■ **What the task asks**
Your copy should match the listing below exactly, except that it holds no images.

==== Provided data ====

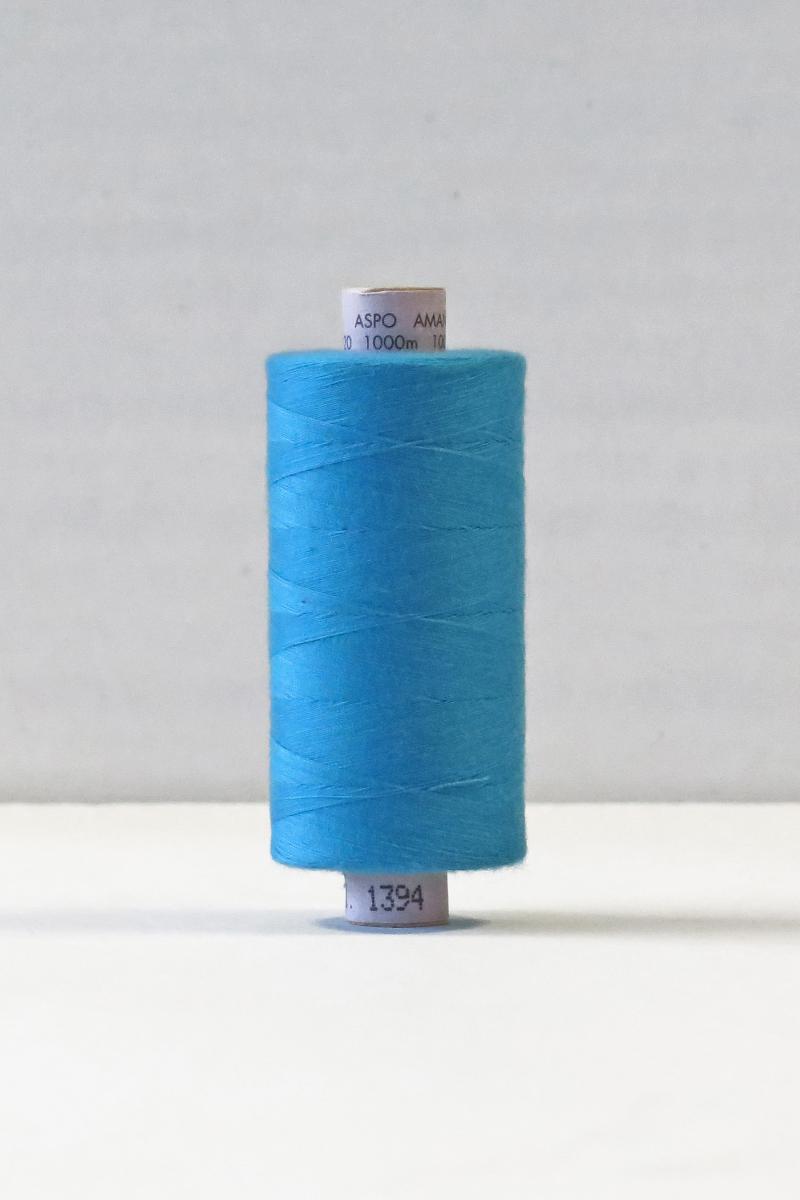 Amann Aspo Polyester Sytråd 1000 m - Fv 1394 Tilbud!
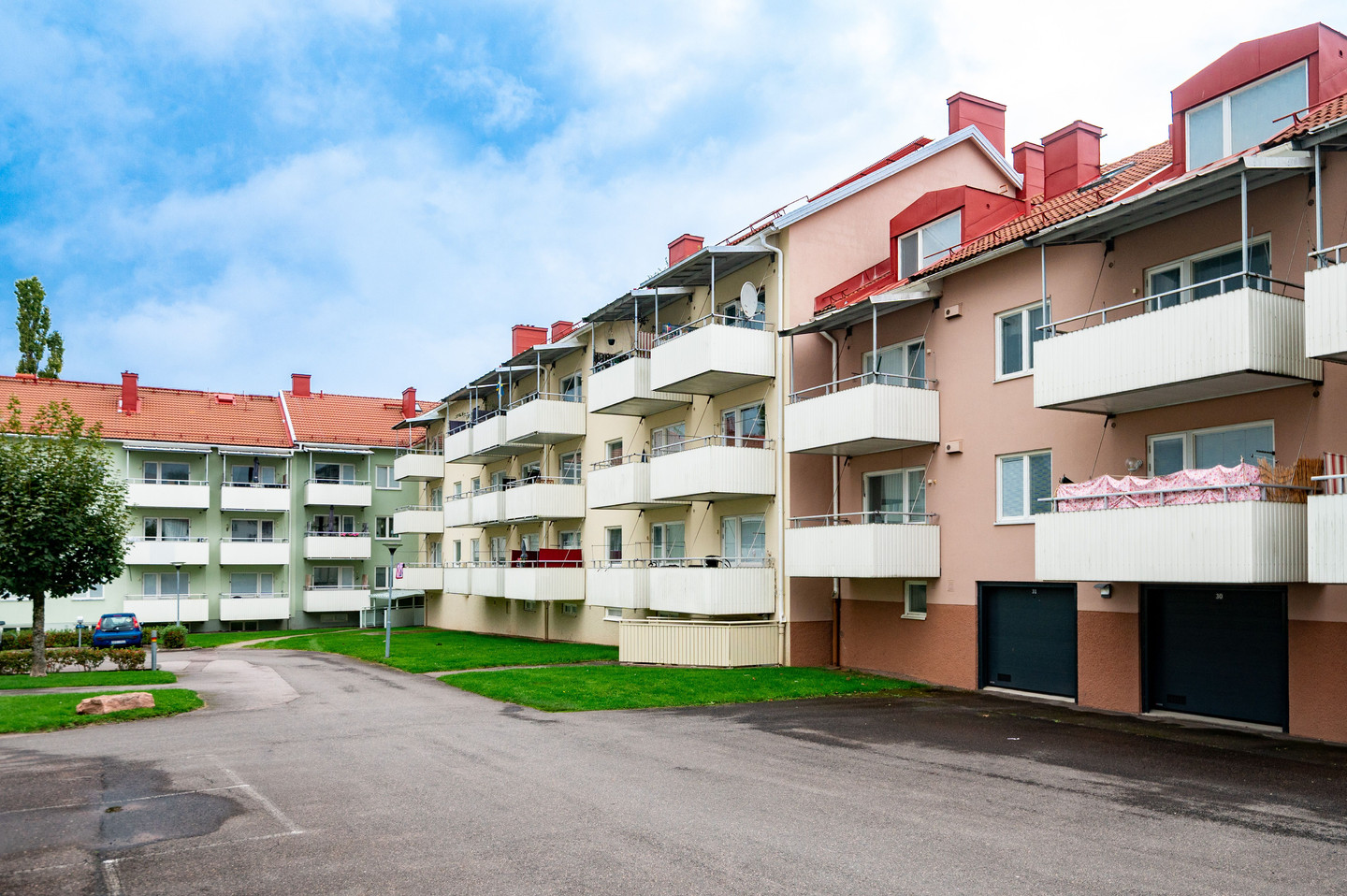 Margaretagatan 45 – bild 17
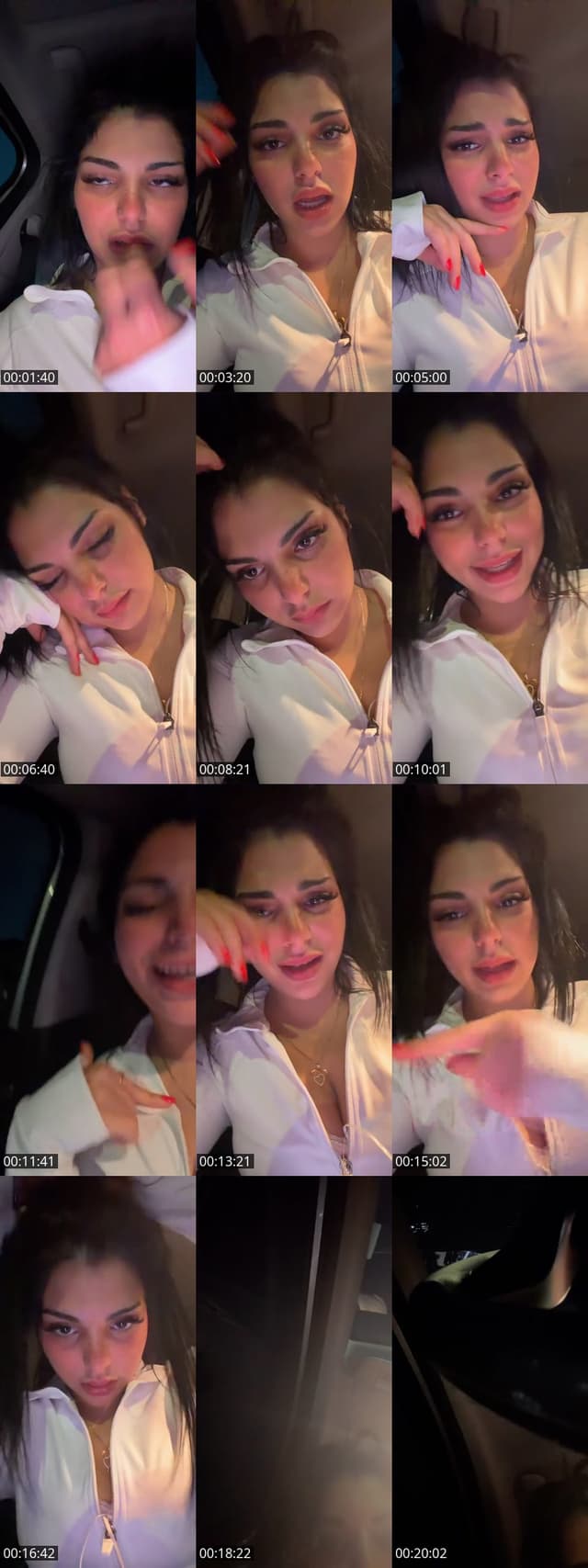 @user135792468012333 TikTok live from 2026-05-12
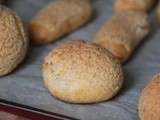 Pâte à choux de Christophe Michalak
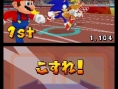 Mario & Sonic aux JO imagé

====

■ **Answer box**
 Amann Aspo Polyester Sytråd 1000 m - Fv 1394 Tilbud!
 Margaretagatan 45 – bild 17
 @user135792468012333 TikTok live from 2026-05-12
 Pâte à choux de Christophe Michalak
 Mario & Sonic aux JO imagé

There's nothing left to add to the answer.